Cloudflare Team · 2020-12-18 · via The Cloudflare Blog

On Wednesday, December 16, the RedDrip Team from QiAnXin Technology released their discoveries (tweet, github) regarding the random subdomains associated with the SUNBURST malware which was present in the SolarWinds Orion compromise. In studying queries performed by the malware, Cloudflare has uncovered additional details about how the Domain Generation Algorithm (DGA) encodes data and exfiltrates the compromised hostname to the command and control servers.

Background

The RedDrip team discovered that the DNS queries are created by combining the previously reverse-engineered unique guid (based on hashing of hostname and MAC address) with a payload that is a custom base 32 encoding of the hostname. The article they published includes screenshots of decompiled or reimplemented C# functions that are included in the compromised DLL. This background primer summarizes their work so far (which is published in Chinese).

RedDrip discovered that the DGA subdomain portion of the query is split into three parts:

<encoded_guid> + <byte> + <encoded_hostname>

An example malicious domain is:

7cbtailjomqle1pjvr2d32i2voe60ce2.appsync-api.us-east-1.avsvmcloud.com

Where the domain is split into the three parts as

Encoded guid (15 chars)	byte	Encoded hostname
7cbtailjomqle1p	j	vr2d32i2voe60ce2

The work from the RedDrip Team focused on the encoded hostname portion of the string, we have made additional insights related to the encoded hostname and encoded guid portions.

At a high level the encoded hostnames take one of two encoding schemes. If all of the characters in the hostname are contained in the set of domain name-safe characters "0123456789abcdefghijklmnopqrstuvwxyz-_." then the OrionImprovementBusinessLayer.CryptoHelper.Base64Decode algorithm, explained in the article, is used. If there are characters outside of that set in the hostname, then the OrionImprovementBusinessLayer.CryptoHelper.Base64Encode is used instead and ‘00’ is prepended to the encoding. This allows us to simply check if the first two characters of the encoded hostname are ‘00’ and know how the hostname is encoded.

These function names within the compromised DLL are meant to resemble the names of legitimate functions, but in fact perform the message encoding for the malware. The DLL function Base64Decode is meant to resemble the legitimate function name base64decode, but its purpose is actually to perform the encoding of the query (which is a variant of base32 encoding).

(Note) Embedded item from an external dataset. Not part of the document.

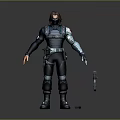 3D Game Movie Character in Dark Blue Combat Suit with Tech Accents and Weapon Accessories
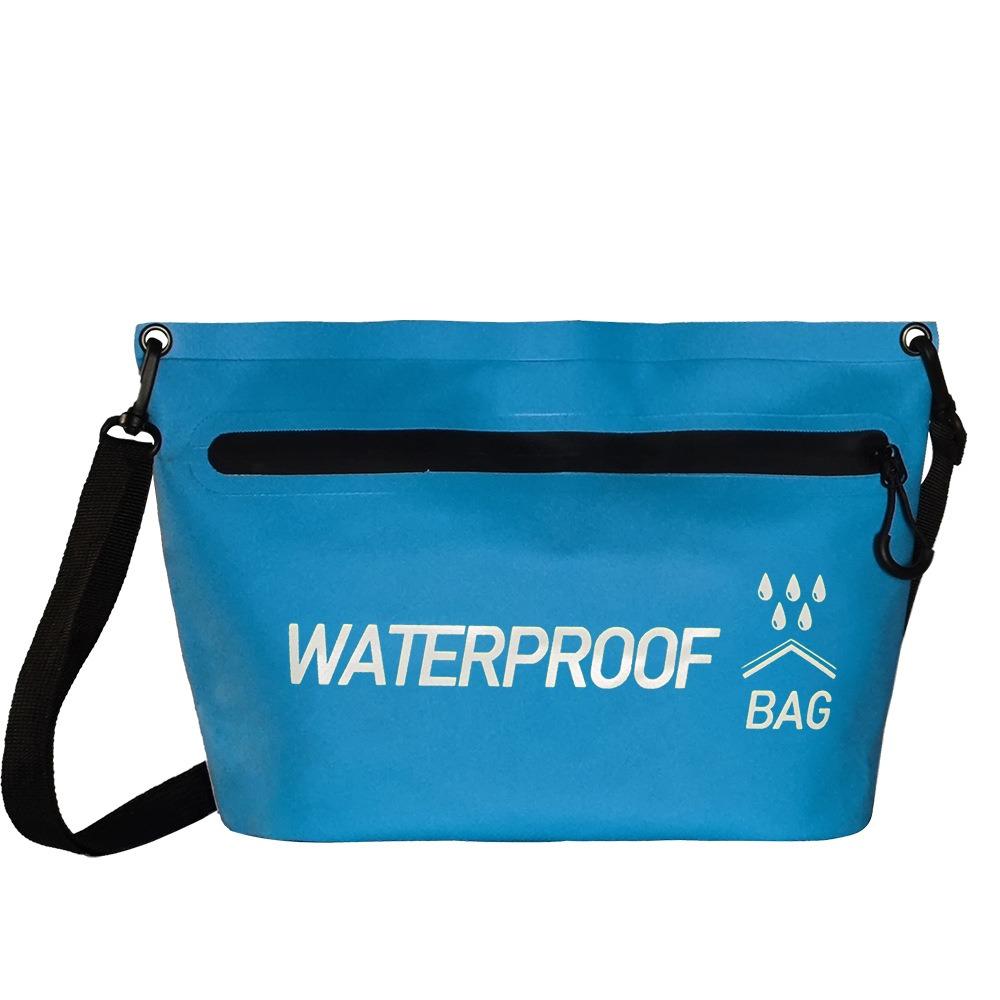 Zipper Closure Waterproof storage bag Large-capacity storage Waterproof shoulder bag  Rafting синий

The RedDrip Team has posted Python code for encoding and decoding the queries, including identifying random characters inserted into the queries at regular character intervals.

One potential issue we encountered with their implementation is the inclusion of a check clause looking for a ‘0’ character in the encoded hostname (line 138 of the decoding script). This line causes the decoding algorithm to ignore any encoded hostnames that do not contain a ‘0’. We believe this was included because ‘0’ is the encoded value of a ‘0’, ‘.’, ‘-’ or ‘_’. Since fully qualified hostnames are comprised of multiple parts separated by ‘.’s, e.g. ‘example.com’, it makes sense to be expecting a ‘.’ in the unencoded hostname and therefore only consider encoded hostnames containing a ‘0’. However, this causes the decoder to ignore many of the recorded DGA domains.

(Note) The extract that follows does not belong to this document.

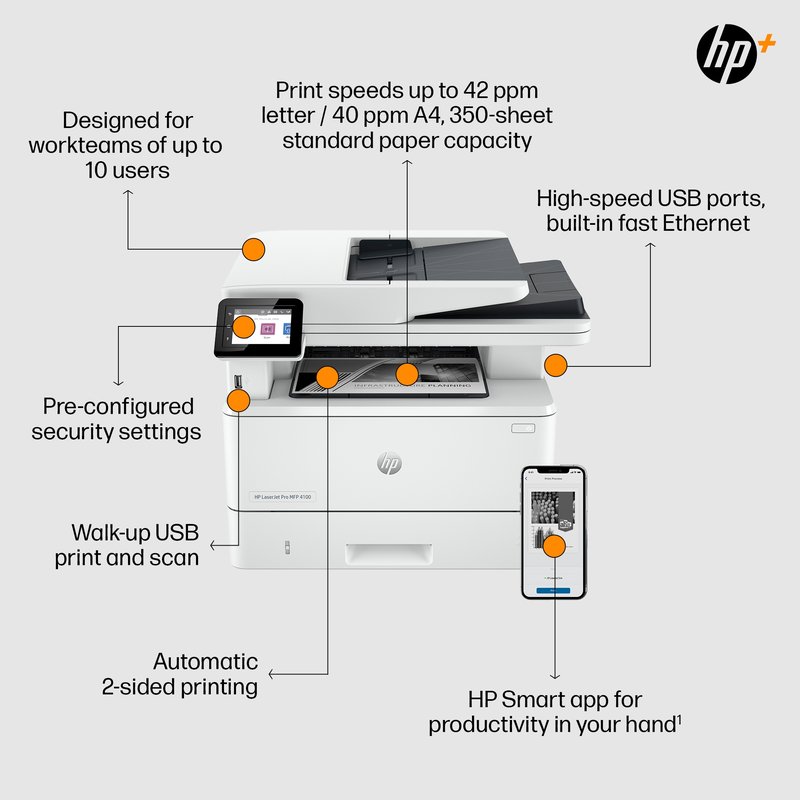 HP LaserJet Pro MFP 4102fdn AIO All-in-One Printer - A4 Mono Laser, Print/Copy/Dual-Side Scan/Fax, Automatic Document Feeder, Auto-Duplex, LAN, 40ppm, 750-4000 pages per month (replaces M428fdn) thumbnail 4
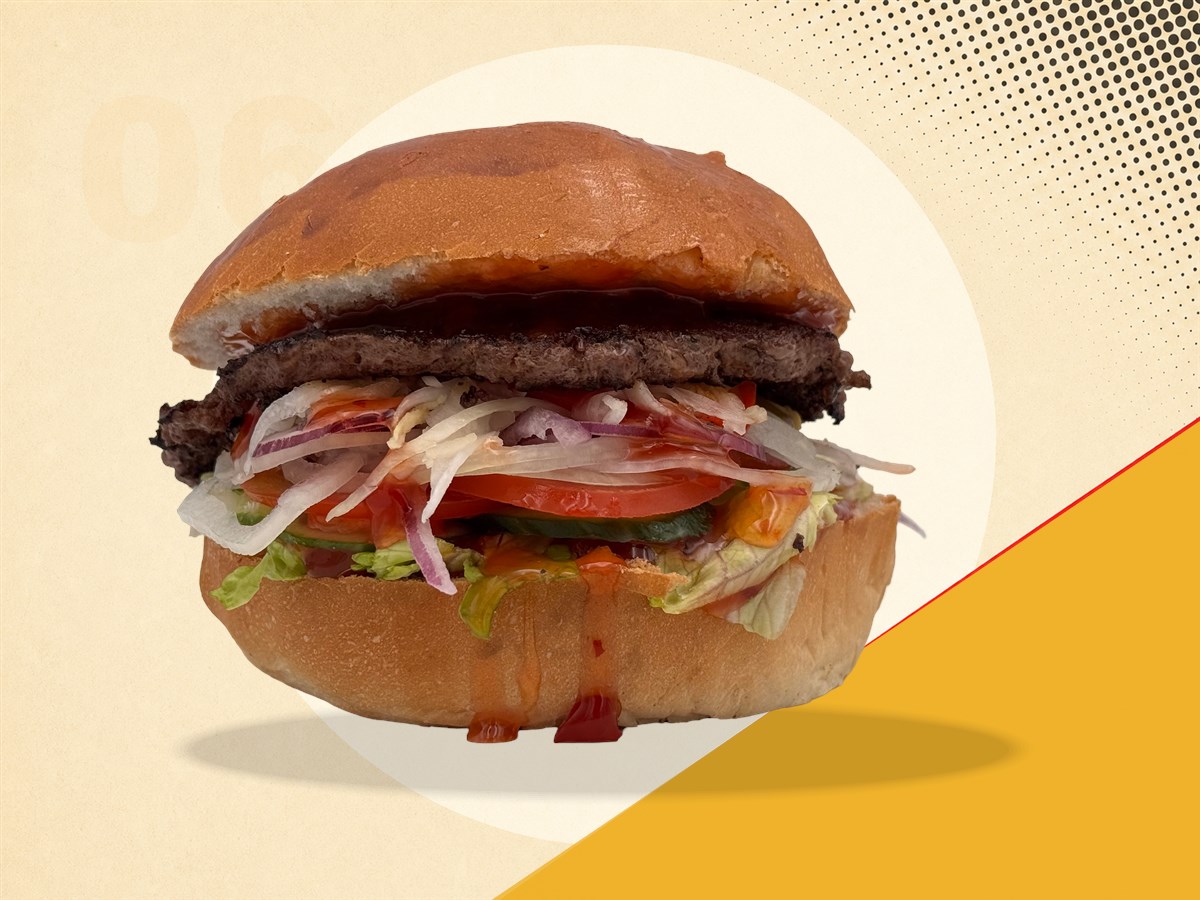 Sunshine Burger – marhahúspogácsa, édes-chilis-fokhagymás szósz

As we explain below, we believe that long domains are split across multiple queries where the second half is much shorter and unlikely to include a ‘.’. For example ‘www2.example.c’ takes up one message, meaning that in order to transmit the entire domain ‘www2.example.c’ a second message containing just ‘om’ would also need to be sent. This second message does not contain a ‘.’ so its encoded form does not contain a ‘0’ and it is ignored in the RedDrip team’s implementation.

The quirk: hostnames are split across multiple queries

A list of observed queries performed by the malware was published publicly on GitHub. Applying the decoding script to this set of queries, we see some queries appear to be truncated, such as grupobazar.loca, but also some decoded hostnames are curiously short or incomplete, such as “com”, “.com”, or a single letter, such as “m”, or “l”.

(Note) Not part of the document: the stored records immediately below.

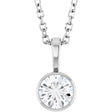 14K White Gold 1/3 CT Lab-Grown Diamond Bezel-Set Solitaire 16-18" Necklace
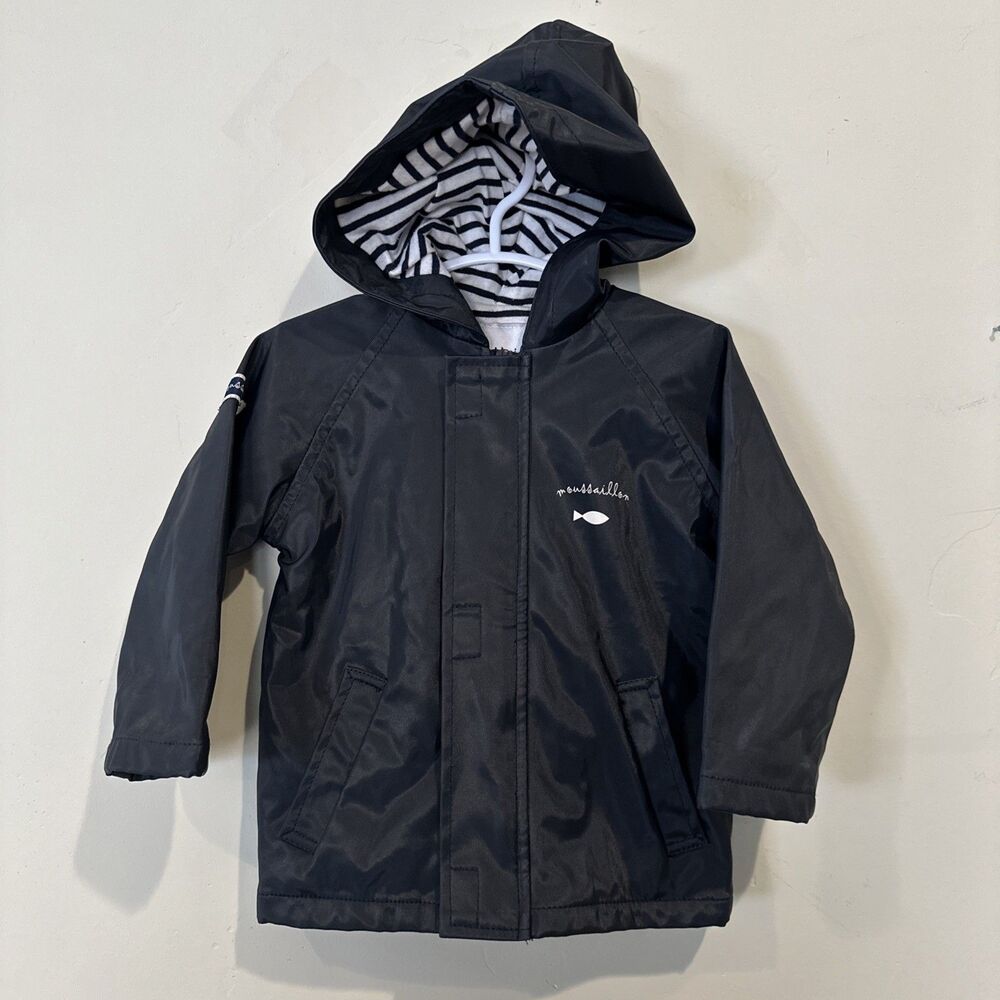 Moussaillon 6 Months Baby Raincoat Navy Blue Hood Coat
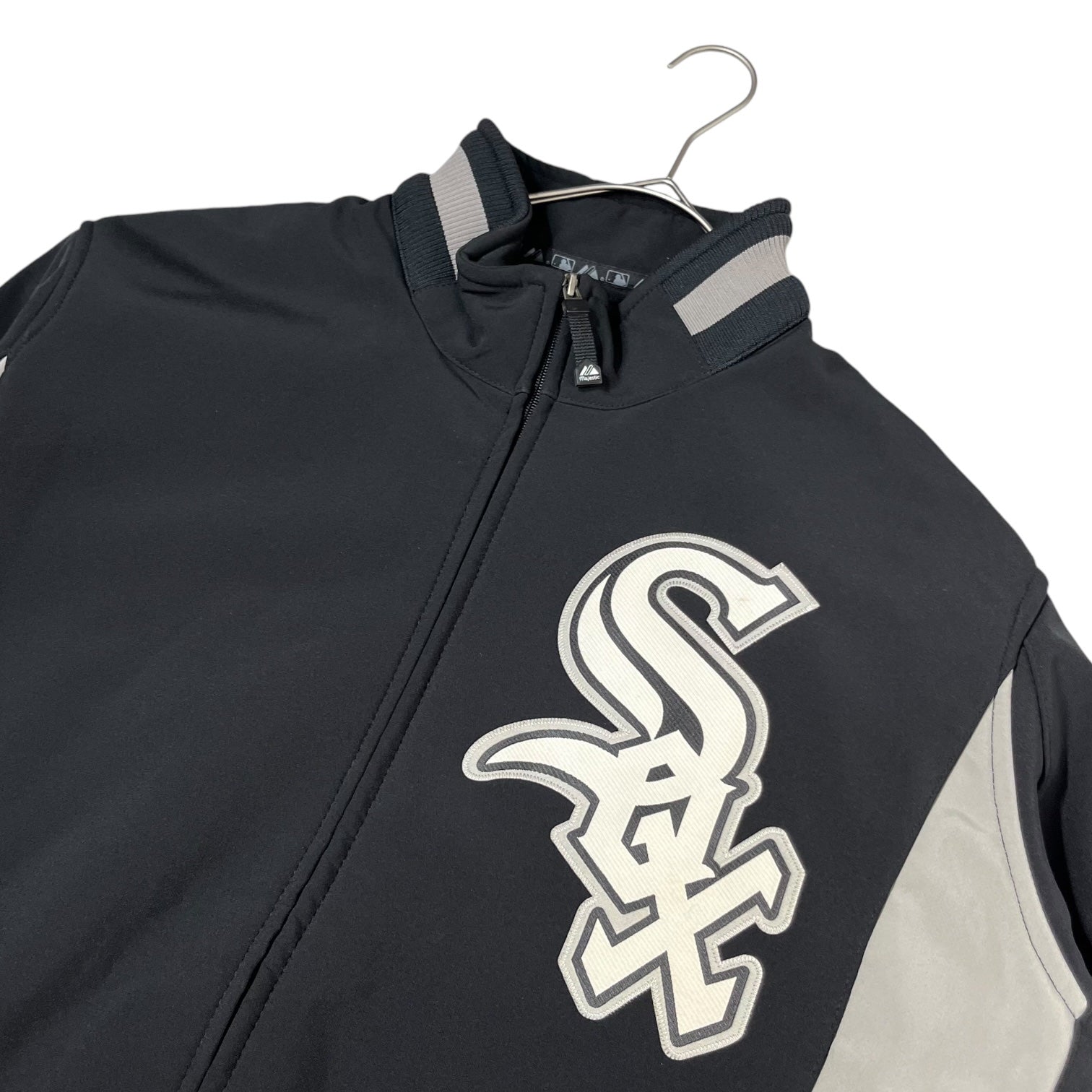 MAJESTIC(マジェスティック) ”Chicago White Sox” team blouson チーム ブルゾン L ブラック トラック フリース ジャケット ジップ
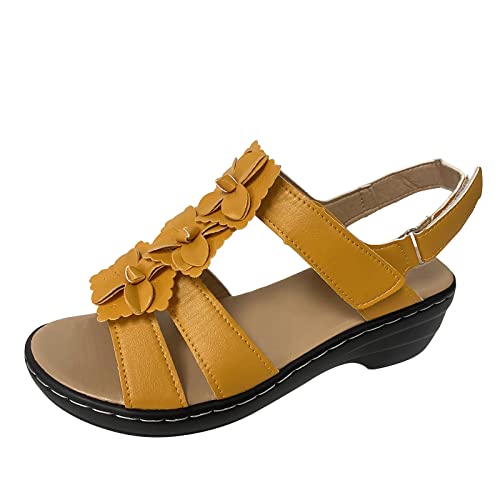 Zapatos de playa a la moda, multicolor, con puntera redonda, con gancho y plataforma, sandalias para mujer, talla 9, Amarillo, 38.5 EU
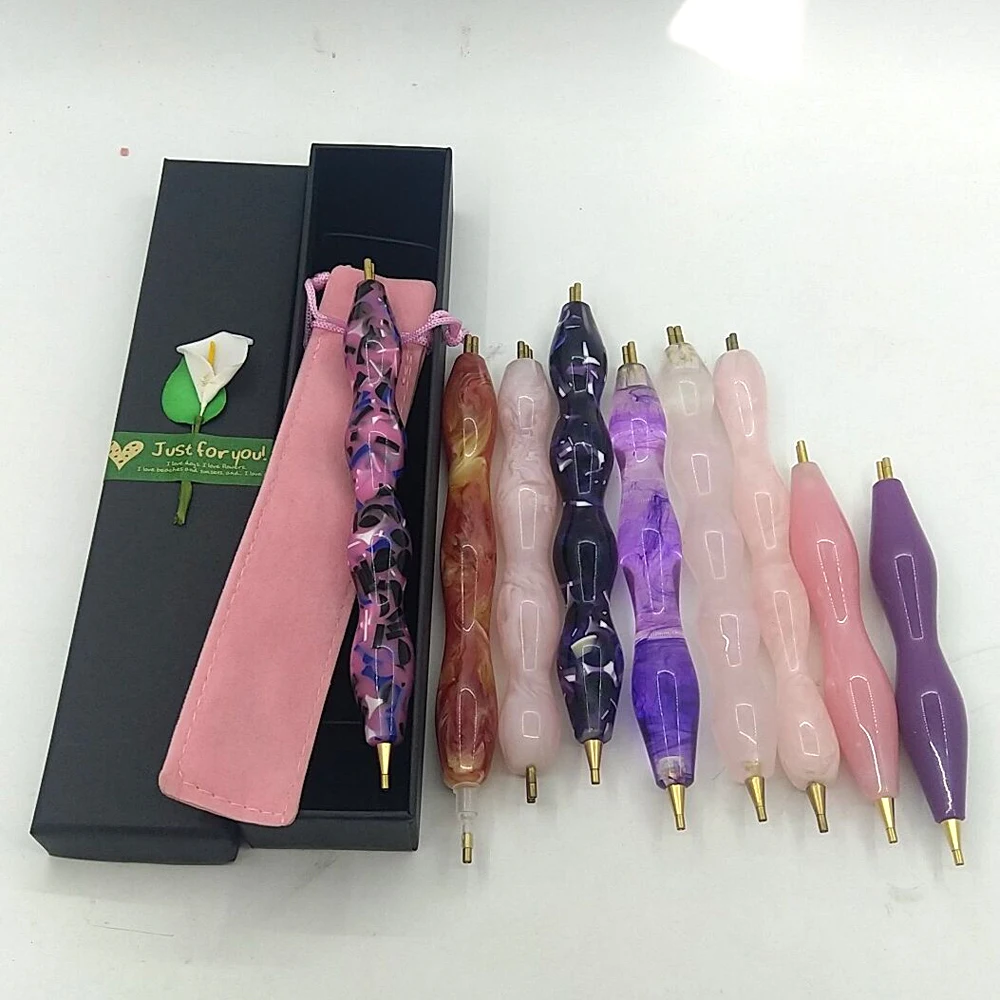 New Brand customize Drill Pen for Diamond Painting tools Embroidery Accessories Point Mosaic Tool Hand Carved Resin Pens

When the hostname does not fit into the available payload section of the encoded query, it is split up across multiple queries. Queries are matched up by matching the GUID section after applying a byte-by-byte exclusive-or (xor).

Analysis of first 15 characters

Noticing that long domains are split across multiple requests led us to believe that the first 16 characters encoded information to associate multipart messages. This would allow the receiver on the other end to correctly re-assemble the messages and get the entire domain. The RedDrip team identified the first 15 bytes as a GUID, we focused on those bytes and will refer to them subsequently as the header.

We found the following queries that we believed to be matches without knowing yet the correct pairings between message 1 and message 2 (payload has been altered):

Part 1 - Both decode to “www2.example.c”r1q6arhpujcf6jb6qqqb0trmuhd1r0ee.appsync-api.us-west-2.avsvmcloud.comr8stkst71ebqgj66qqqb0trmuhd1r0ee.appsync-api.us-west-2.avsvmcloud.com

Part 2 - Both decode to “om”0oni12r13ficnkqb2h.appsync-api.us-west-2.avsvmcloud.comulfmcf44qd58t9e82h.appsync-api.us-west-2.avsvmcloud.com

This gives us a final combined payload of www2.example.com

This example gave us two sets of messages where we were confident the second part was associated with the first part, and allowed us to find the following relationship where message1 is the header of the first message and message2 is the header of the second:

_Base32Decode(message1) XOR KEY = Base32Decode(message2)_

The KEY is a single character. That character is xor’d with each byte of the Base32Decoded first header to produce the Base32Decoded second header. We do not currently know how to infer what character is used as the key, but we can still match messages together without that information. Since A XOR B = C where we know A and C but not B, we can instead use A XOR C = B. This means that in order to pair messages together we simply need to look for messages where XOR’ing them together results in a repeating character (the key).

Base32Decode(message1) XOR Base32Decode(message2) = KEY

Looking at the examples above this becomes

	Message 1	Message 2
Header	r1q6arhpujcf6jb	0oni12r13ficnkq
Base32Decode (binary)	101101000100110110111111011 010010000000011001010111111 01111000101001110100000101	110110010010000011010010000 001000110110110100111100100 00100011111111000000000100

We’ve truncated the results slightly, but below shows the two binary representations and the third line shows the result of the XOR.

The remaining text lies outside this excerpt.